[Mlir-commits] [mlir] [MLIR][XeGPU] Scattered ops sg-to-wi distribution (PR #154949)

Thu Aug 28 07:47:31 PDT 2025

================
@@ -807,6 +807,156 @@ struct GpuBarrierDistribution final : public gpu::WarpDistributionPattern {
   }
 };
 
+/// Distribute a scattered store op. The offsets argument is required.
+/// Both offset and mask vectors must be 1D and have #subgroup_size elements.
+/// The layouts are fixed and implicit: one offset/mask per lane.
+/// The pass changes the offset/mask vector shapes to a
+/// single-element vector, **it is assumed that their producer will also be
+/// distributed**. The payload vector also has a fixed distribution:
+///   no chunk size -> vector of one element.
+///   chunk size    -> vector of the innermost dimension of the SG-payload.
+/// Example 1 (no chunk size):
+///    %mask = producer_op : vector<16xi1>
+///    %offset = producer_op : vector<16xindex>
+///    xegpu.store %payload, %src[%offset], %mask : vector<16xf16>,
+///     memref<256xf16>, vector<16xindex>, vector<16xi1>
+/// To
+///    %mask = producer_op : vector<1xi1>
+///    %offset = producer_op : vector<1xindex>
+///    xegpu.store %payload, %src[%offset], %mask : vector<1xf16>,
+///     memref<256xf16>, vector<1xindex>, vector<1xi1>
+/// Example 2 (chunk size, same mask and offsets):
+///    xegpu.store %payload, %src[%offset], %mask <{chunk_size=8}> :
+///     vector<16x8xf16>, memref<256xf16>, vector<16xindex>, vector<16xi1>
+/// To
+///    xegpu.store %payload, %src[%offset], %mask <{chunk_size=8}> :
+///     vector<8xf16>, memref<256xf16>, vector<1xindex>, vector<1xi1>
+struct StoreDistribution final : public gpu::WarpDistributionPattern {
+  using gpu::WarpDistributionPattern::WarpDistributionPattern;
+  LogicalResult matchAndRewrite(gpu::WarpExecuteOnLane0Op warpOp,
+                                PatternRewriter &rewriter) const override {
+    Operation *lastNode = warpOp.getTerminator()->getPrevNode();
+    auto storeScatterOp = dyn_cast_or_null<xegpu::StoreScatterOp>(lastNode);
+    if (!storeScatterOp)
+      return failure();
+    auto offsets = storeScatterOp.getOffsets();
+    if (!offsets || !isa<VectorType>(offsets.getType()))
+      return rewriter.notifyMatchFailure(
+          storeScatterOp, "Store op must have a vector of offsets argument");
+    VectorType offsetsTy = cast<VectorType>(offsets.getType());
+    if (offsetsTy.getRank() != 1)
+      return rewriter.notifyMatchFailure(storeScatterOp,
+                                         "Expected 1D offsets vector");
+    VectorType storeVecTy = cast<VectorType>(storeScatterOp.getValueType());
+    assert(storeVecTy.getRank() <= 2 &&
+           "Expected at most 2D result at SG level");
+    VectorType distStoreVecTy;
+    if (storeVecTy.getRank() == 2)
----------------
akroviakov wrote:

It is `[16,1]`. I have updated the propagation logic to account for offsets. I have also added a layout-based distribution with a fallback to the existing solution. 

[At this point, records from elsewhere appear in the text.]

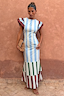 Thumbnail for Blue Stripe Alena Midi Dress with tiered green and burgundy stripes and frill sleeves against a terracotta wall.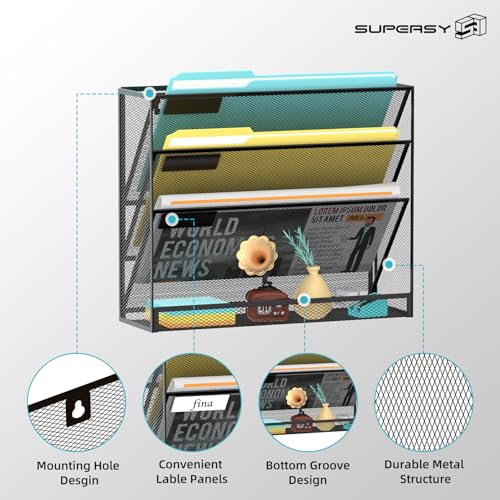 SUPEASY Wall File Organizer Mesh Office Mail Holder, Hanging Wall Organizer Magazine Rack for Office Black, 4 Tier - Image 4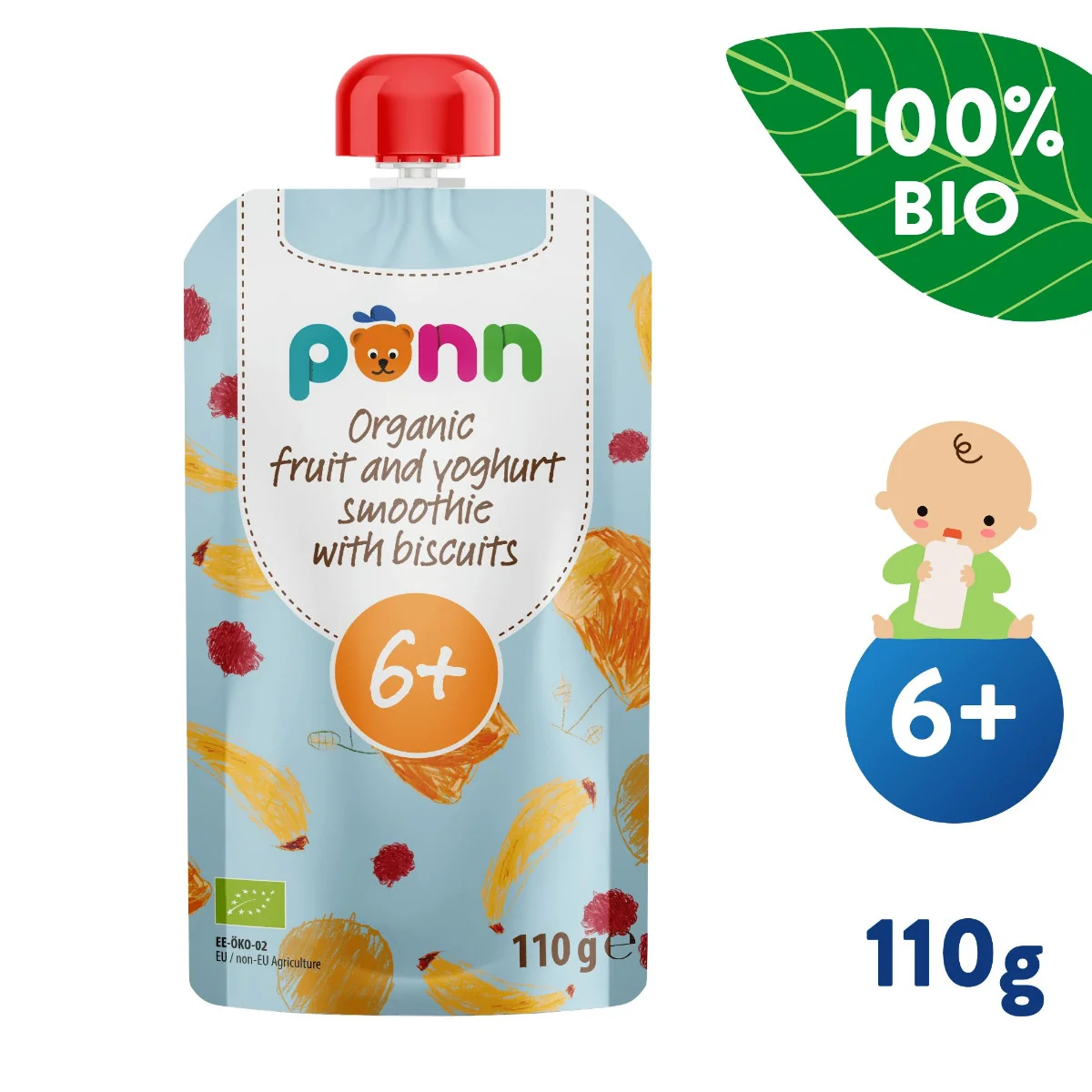 SALVEST Põnn BIO Ovocné smoothie s jogurtem a sušenkami 110 g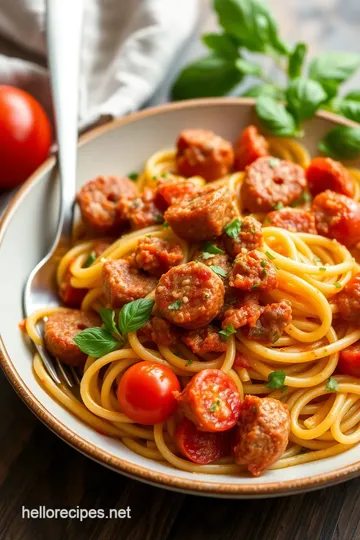 Sausage and Fresh Tomato Pasta presentation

> layout assigned to offsets (byt propagation logic)

The propagation does its job at pushing the default mask/offset layout to producers, not preserving it for later passes. To use the layout at distribution, we have to manually specify it per operand anyway. So we get the overhead both in the pass and for the user.

> I understand that the layout is not useful here. But it is better to keep this logic in a single place.

It looks like we try to solve a trivial problem by applying a generic solution (instead of a correspondingly trivial one) with its dependencies. A user has to manually specify properly named attributes that are always the same, and now it is also the compiler's job to make sure the user specified the default and only possible layout?

I thought layouts exist so that a user can communicate some detail to the compiler, not the other way around.

In any case, I see the merit in asking for a uniform distribution logic, and it is implemented now. However, the user experience also needs to improve.

https://github.com/llvm/llvm-project/pull/154949